Moving a Reluctant Parent – Part 13


 by Joy Loverde

It’s been almost one year since I last wrote about my Aunt’s refusal to move out  of her house (Moving a Reluctant Parent - Part 12Moving a reluctant parent). A year of inching her towards the goal of relocating. A year of working alongside my cousins and calming them down. A year of doing my best to side-track household emergencies. A year of waiting for the ball to drop.


Today I am happy to report, that all of this hard work is finally paying off and is the reason why I say -- over and over and over again – that it is FAR better to preserve the relationship than it is to plow through the process of getting my way on my terms.

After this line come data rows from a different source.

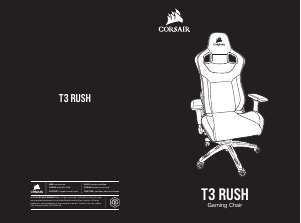 Instrukcja Corsair T3 Rush Krzesło biurowe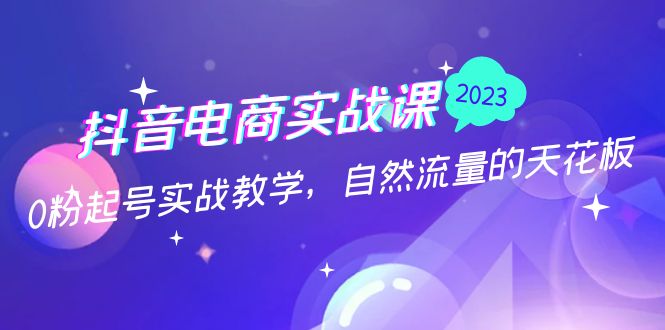 抖音電商實(shí)戰(zhàn)課：0粉起號(hào)實(shí)戰(zhàn)教學(xué)，自然流量的天花板（2月19最新）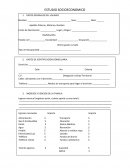 Estudio socioeconomico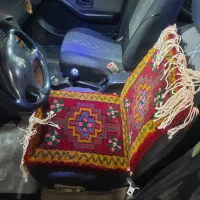 فرش دستباف رو صندلی ماشین|گلیم، جاجیم، گبه|نسیمشهر, |دیوار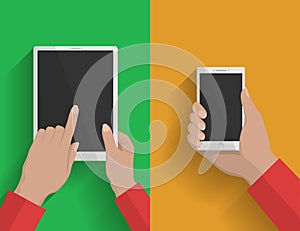 Smartphone and tablet-pc illustration 2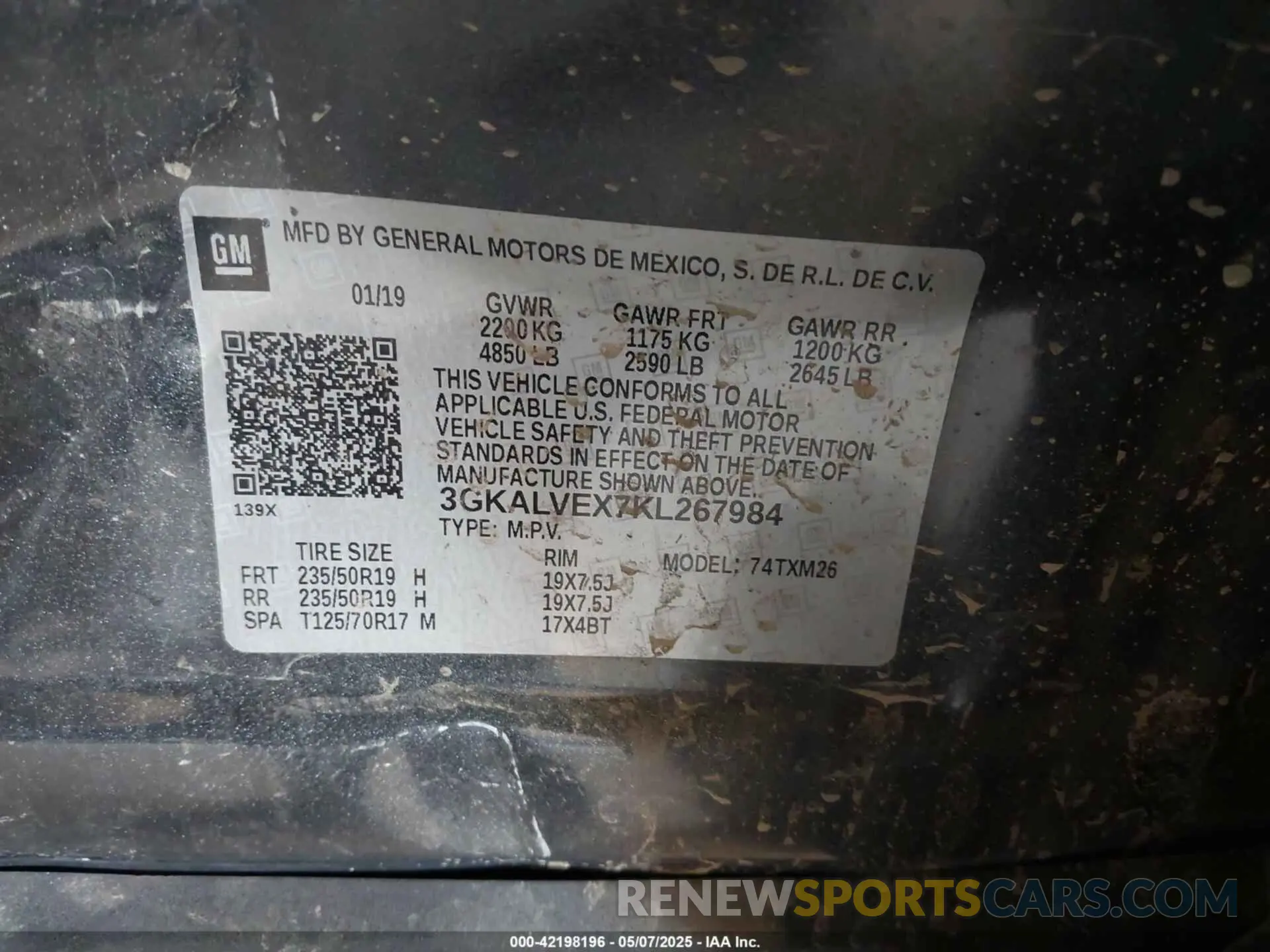 9 Photograph of a damaged car 3GKALVEX7KL267984 GMC TERRAIN 2019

Once a family relationship is damaged you will be hard-pressed to get it back on track. Depression can set it – for you and your elder -- among other mental and physical maladies.  Plus, the clock is ticking. Family members will not be with us forever. If you insist on having it your way, how will you feel if they die before you have a chance to repair the damage?


The reason why her relocation process is moving quickly now is because the trust level between me and my Aunt is on solid ground. Every on-site visit and every phone call with my Aunt is now an opportunity for her to disclose her deepest fears and regrets. She is completely vulnerable, and she knows it. She willingly admits to the need to move out of the home she loves. She appears to be ready to move on.


For the past year I stuck with her through all kinds of emergencies: the flat tire she got on the highway and her son did not come to her rescue; the diagnosis of cancer (now in remission); the dwindling of her funds because a financial advisor steered her wrong, and much more. It has been one thing after another and each time I was there to clean up her messes.